In the evaluation of degenerative cartilage disorders of the knee, ΔR1 has been shown to be of slightly higher discriminative value than dGEMRIC [14]. In early OA of the hip, a linear correlation between ΔR1 and dGEMRIC has been demonstrated [15], and no additional value of ΔR1 has been assumed by the respective authors. In both studies the drawback of additional pre-contrast MRI has been discussed, and both groups conclude in accordance with our data that dGEMRIC is sufficient in the evaluation of cartilage damage.

Clinical signs of inflammation and CRP did not correlate significantly with T2*, native T1, dGEMRIC or ΔR1 values. However, the CIMESTRA study reports on a correlation between markers of cartilage catabolism (C-telopeptide of collagen II) and disease [42]. DAS 28 and CRP represent systemic inflammation beyond the single joint examined in MRI and are not specific; involvement of MCP II was an inclusion criterion in the present study and severe inflammation of other joints did not lead to exclusion. Perfusion-weighted MRI has been proposed as a tool to assess inflammatory activity [24] and may be useful to evaluate the influence of inflammation on cartilage quality in future MRI studies.

The present study has limitations. One is the limited number of subjects involved in this study.
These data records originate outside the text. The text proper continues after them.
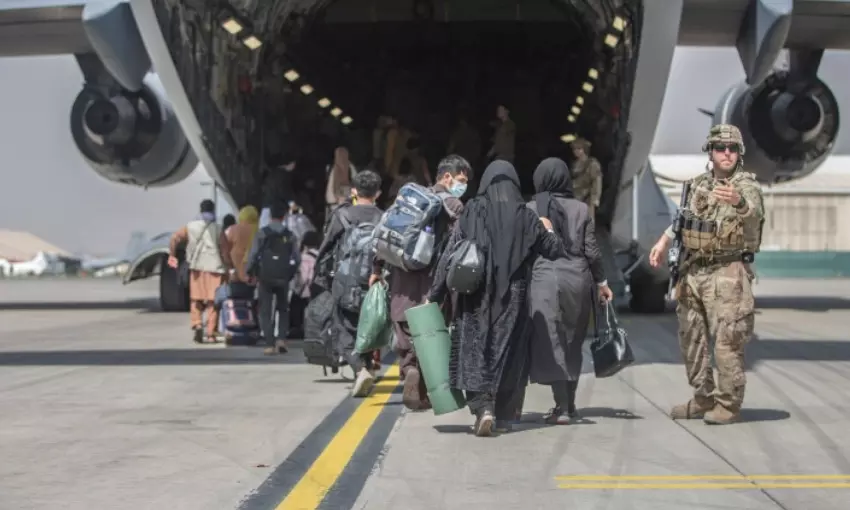 തൊഴില്‍ നൈപുണ്യമുള്ള അഫ്ഗാനികളെ ഒഴിപ്പിക്കുന്നത് നിര്‍ത്തണം; യുഎസിനോട് അഭ്യര്‍ഥിച്ച് താലിബാന്‍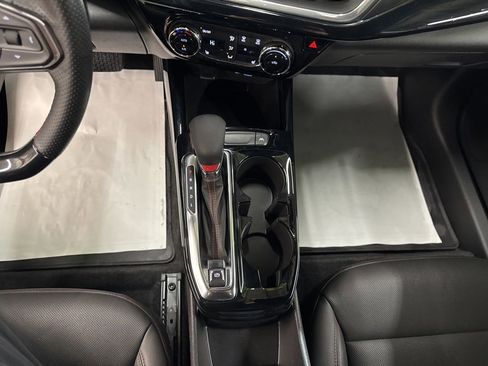Used 2024 Chevrolet Trax RS w/ Driver Confidence Package image 19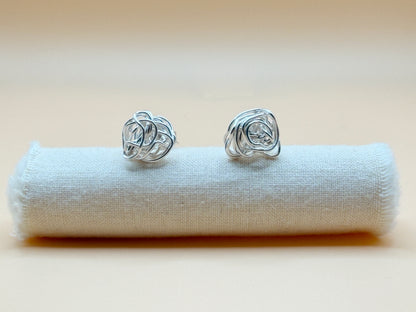 Crumple Studs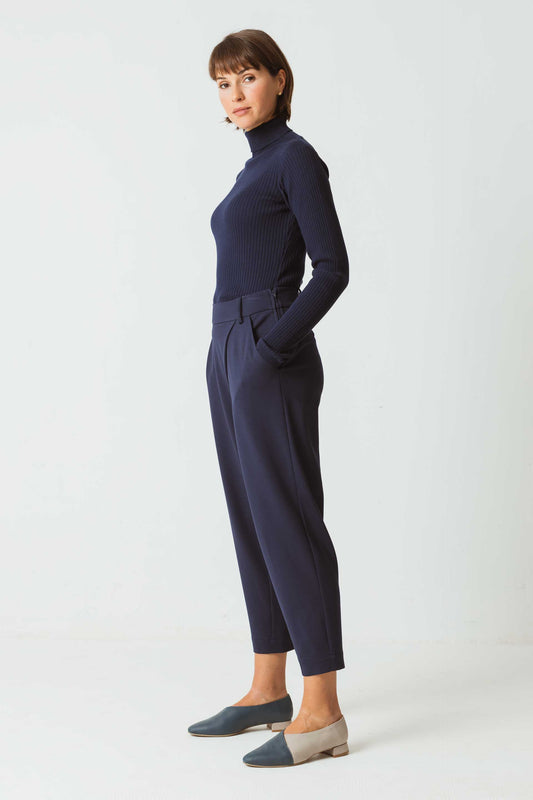 SKFK EZAMA Karottenhose aus bequemem Stretch-Tencel. Navy-Blau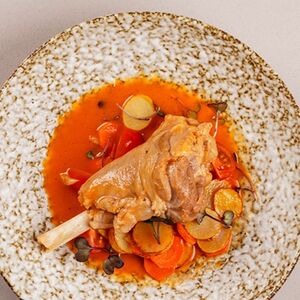 Գառան սրունք անուշաբույր բանջարեղենով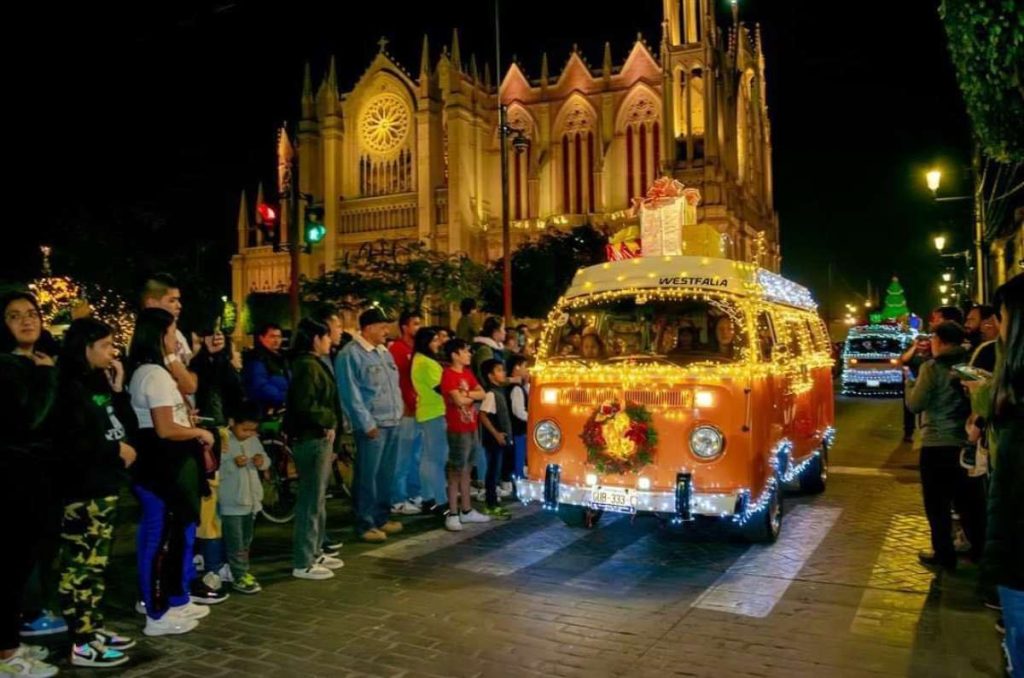 caravana navideña de combis cdmx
This is reflected by broad confidence intervals for sensitivity and specificity, for example. Non-invasive measures of cartilage quality were assessed and no cartilage biopsy, histology or biochemistry was available. As in the majority of in vivo studies on cartilage quality, a true gold standard reflecting the condition of the cartilage is lacking. Specificity and sensitivity values have been calculated under the assumption that cartilage degeneration was present in all RA patients. However, due to the lack of a gold standard, the true incidence of cartilage damage in our group remains unknown. Using the above stated cut off values, a number of patients could possibly be assumed to have normal cartilage. Further studies are needed to assess sensitivity and specificity of non-invasive evaluation of cartilage quality in RA using a true gold standard such as histology or arthroscopy. T2* stratification as one possible diagnostic feature of T2* mapping could not be exploited in the present study, and further studies are needed to assess the diagnostic value of T2* relaxativity stratification in RA. dGEMRIC used a 40 min delay after Gd administration. Since the positioning in the MR scanner can be uncomfortable or even painful for arthritis patients, the patients were allowed to stand up and move during the waiting period. This way, native T1 and dGEMRIC images were not coregistered the way they can be in in vitro studies, and no ΔR1 maps could be calculated.

In conclusion, our results support the use of post-contrast dGEMRIC for the assessment of MCP joint cartilage quality in RA. In our study, T2* and native T1 mapping were of low diagnostic value, compared to dGEMRIC. Pre-contrast T1 mapping for the calculation of ΔR1 is time consuming, inconvenient for the patient and did not increase the diagnostic value of dGEMRIC in our study population. Further study is needed to compare the different techniques of biochemical cartilage MRI in RA.